Focus didn’t throw anything at us that I haven’t already seen. I can’t say I was able to predict every single twist. I couldn’t possibly. The movie shifted gears so many times that I couldn’t always tell which trick was coming next but, once it came, it was usually familiar.
Which isn’t to say that there’s nothing to like. Focus is more than a heist film, it’s a comeback film for Will Smith after a nearly two-year absence after 2013’s unsuccessful After Earth. His career has had more surprises and twists than Focus does and I’ve enjoyed watching him continue to improve as an actor ever since his sitcom days. Now well into his forties, he plays Nicky as confident instead of coky, with none of that goofy hamminess he brought to most of his earlier movies. His banter with up and coming co-star Margot Robbie is much more fun to watch than the execution of the scams are, which are rarely clever and often just plain sillly.
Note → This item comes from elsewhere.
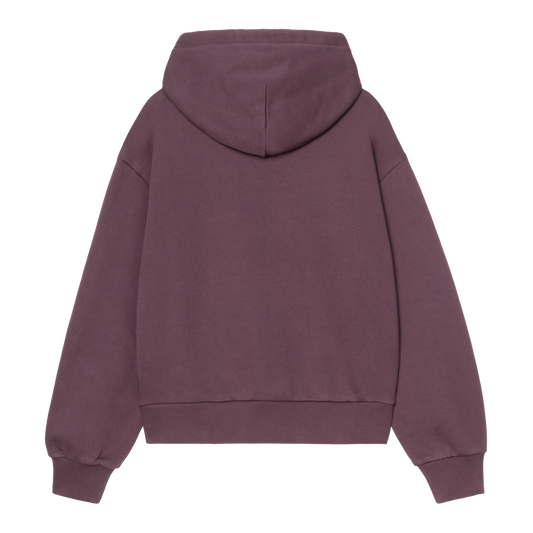 W' Hooded Casey Sweatshirt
Smith and Robbie look great and so does the movie. Directors Glenn Ficcara and John Requa find the coolest bars and know how to shoot them and, just like in their last movie Crazy Stupid Love, the bar seduction scenes are the best in the movie. The clothes, the lighting, the slick editing, and confidence of the two leads can make the dialogue sound smarter than it really is.
You are spot-on, sir. I do remember thinking the bar in Buenes Aires looked crazy cool.
I thought that the set-up weirdly made up like 60% of the movie, and the heist part only about 30%. It’s like the screenwriter just couldn’t be bothered to come up with much of a back half. In fact, the heisting was really not impressive, and as you said, not very clever. I suppose this was maybe just a rom-com dressed up as a heist movie.